I said, “No. There’s one other explanation.”

“What?” she asked.

“That she never ordered them.”

Bertha Cool frowned. “But I don’t see—”

I said, “She wanted to dismiss that divorce action. She knew her close friends had moved away. But there would be some people left in town who would know her, people she’d be expected to know. They’d be ones who remembered her vaguely, not former intimates, but people who had seen her simply as part of the social background of twenty-one years ago. Twenty-one years is a long time.”

Bertha Cool said, “Phooey!
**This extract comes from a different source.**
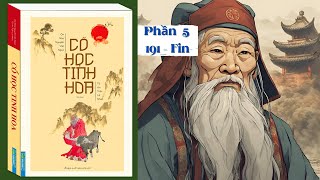 Sách nói CỔ HỌC TINH HOA  Phần 5 191  Fin  Sách nói  Vườn Tinh Hoa [upl. by Elmore]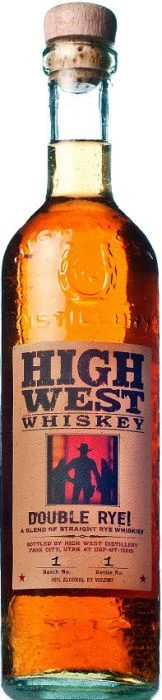 High West Double Rye Whiskey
There’s no sense to it.”

“There were no photographs of her available,” I went on. “No one could check back on her appearance. What’s more, they didn’t get a chance. She went to the hotel. From all I can find out, that’s about the only place she went. She registered and put in an appearance so the hotel people would know her. She didn’t recognize any of her old friends. Why? Because she’d broken her glasses and couldn’t see a thing. She put off looking up any of her former friends on that account. She called on a lawyer — a perfectly strange lawyer, by the way — and arranged to have the old divorce case dismissed. She gave me an interview which she hoped would be published in the local press, and she heat it.

“Now get this. This is the significant high light of the whole business. When Dr. Lintig and his wife had their slip-up, the fly in the ointment was a young chap named Steve Dunton who was running the Blade. Steve Dunton was a dashing young gallant, somewhere in the middle thirties. He’s in the middle fifties now. He wears a green eyeshade, has put on weight, and chews tobacco.

“Now then, I told Mrs. Lintig that I was a reporter from the Blade. She didn’t even know the paper, and she never once asked me anything about Steve Dunton.”

“And what was Dunton doing all this time?” Bertha asked.